*What is required*. Please transcribe every record below exactly, leaving out the pictures.

Start of Exercise inputs

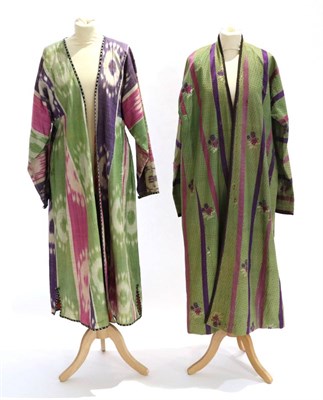 Lot 2201 - An Early 20th Century Uzbekistan Chapan, in green figured silk woven with sprigs of flowers and...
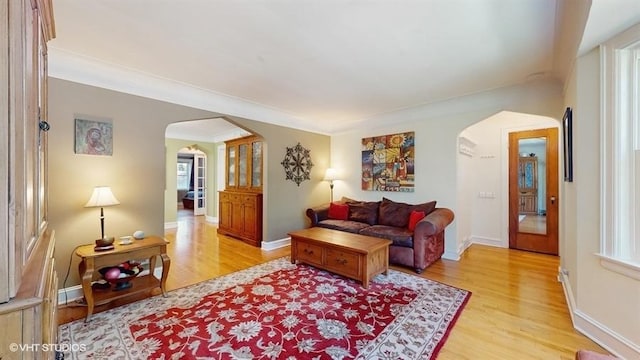 5247 Greenwood St, Skokie, IL 60077 - living area with arched walkways, light wood-style floors, and baseboards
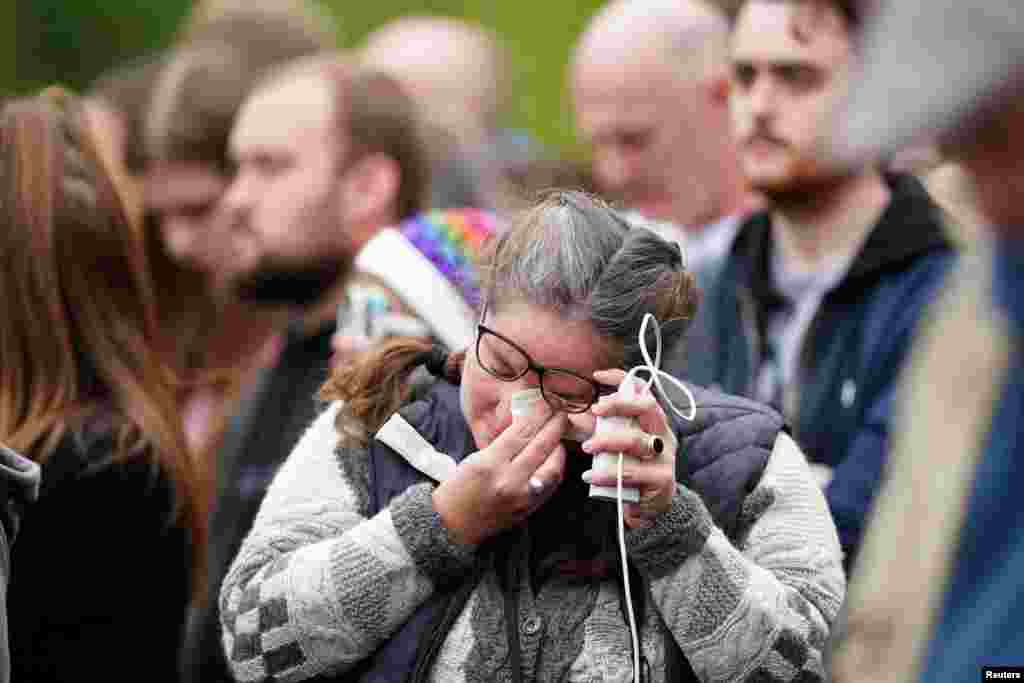 A members of the crowd on The Mall wipes her tears during the State Funeral of Queen Elizabeth at Westminster Abbey in London, Sept. 19, 2022.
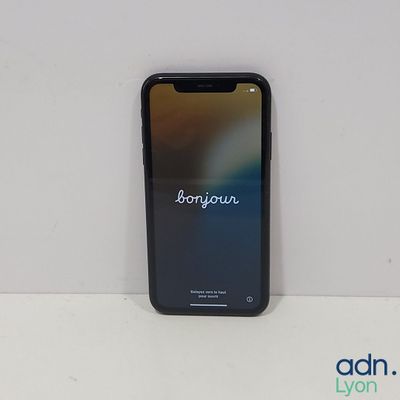 Un iPhone repose sur une surface blanche sur laquelle est inscrit le mot « bonjouie ».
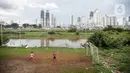 Sejumlah anak bermain di lapangan bola yang terdapat di Bantaran Banjir Kanal Barat Kawasan Petamburan, Jakarta, Minggu (12/12/2021). Taman di bantaran kali kawasan padat penduduk itu menjadi sarana bermain bagi anak-anak di sekitarnya. (Liputan6.com/Faizal Fanani)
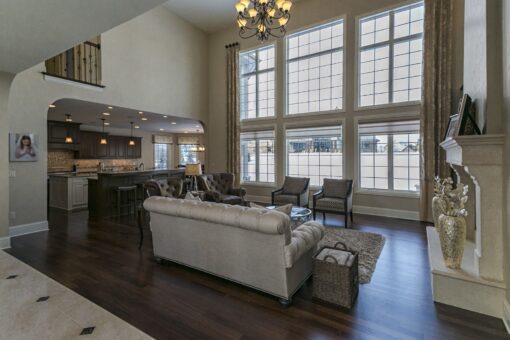 Kingfogl custom home two-story great room with window wall and view to the kitchen
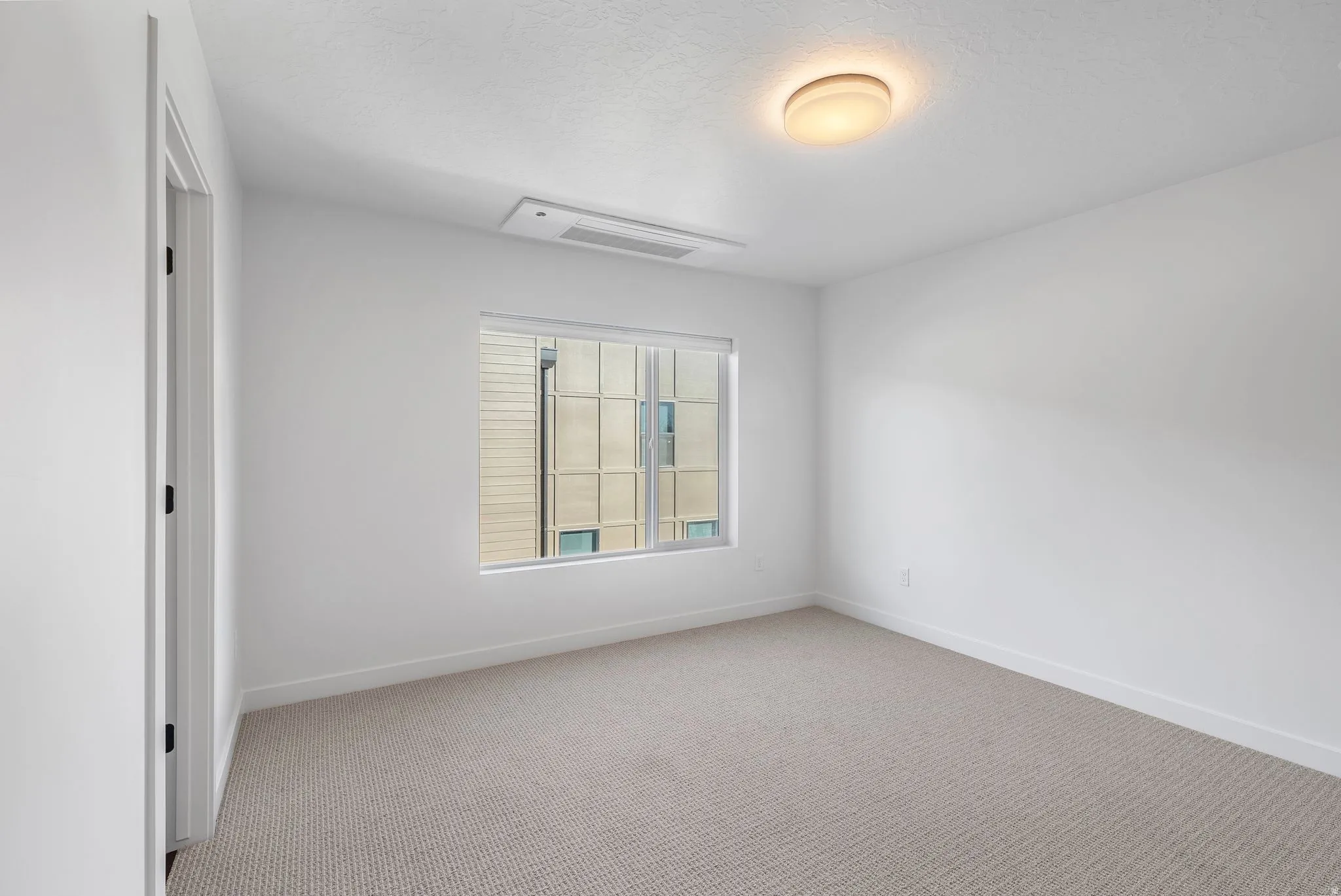 Photos are of a finished unit - Unfurnished room with light colored carpet and a textured ceiling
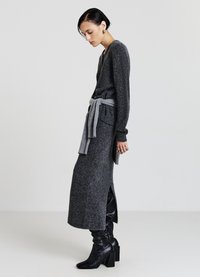 Robe longue en tricot gris foncé avec un col en V, des fentes latérales et une ceinture grise. Associée à des bottes en cuir noir montant jusqu'aux genoux.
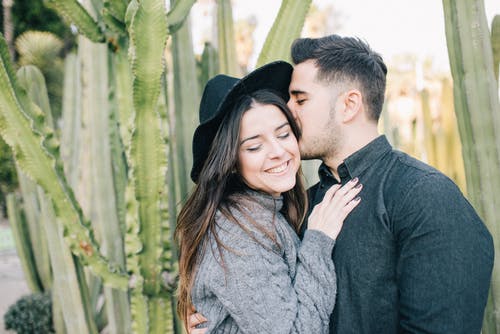 黑帽子的男人亲吻女人的灰色毛衣 · 免费素材图片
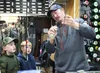 A.J. Hoffman shows young anglers Wiley Walsh, left, and Huey Walsh, middle, how to set up a bobber rig for fishing in local Mat-Su Valley lakes. The Walsh family stopped by the shop for fishi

End of Exercise inputs

*Solution*.
 Lot 2201 - An Early 20th Century Uzbekistan Chapan, in green figured silk woven with sprigs of flowers and...
 5247 Greenwood St, Skokie, IL 60077 - living area with arched walkways, light wood-style floors, and baseboards
 A members of the crowd on The Mall wipes her tears during the State Funeral of Queen Elizabeth at Westminster Abbey in London, Sept. 19, 2022.
 Un iPhone repose sur une surface blanche sur laquelle est inscrit le mot « bonjouie ».
 Sejumlah anak bermain di lapangan bola yang terdapat di Bantaran Banjir Kanal Barat Kawasan Petamburan, Jakarta, Minggu (12/12/2021). Taman di bantaran kali kawasan padat penduduk itu menjadi sarana bermain bagi anak-anak di sekitarnya. (Liputan6.com/Faizal Fanani)
 Kingfogl custom home two-story great room with window wall and view to the kitchen
 Photos are of a finished unit - Unfurnished room with light colored carpet and a textured ceiling
 Robe longue en tricot gris foncé avec un col en V, des fentes latérales et une ceinture grise. Associée à des bottes en cuir noir montant jusqu'aux genoux.
 黑帽子的男人亲吻女人的灰色毛衣 · 免费素材图片
 A.J. Hoffman shows young anglers Wiley Walsh, left, and Huey Walsh, middle, how to set up a bobber rig for fishing in local Mat-Su Valley lakes. The Walsh family stopped by the shop for fishi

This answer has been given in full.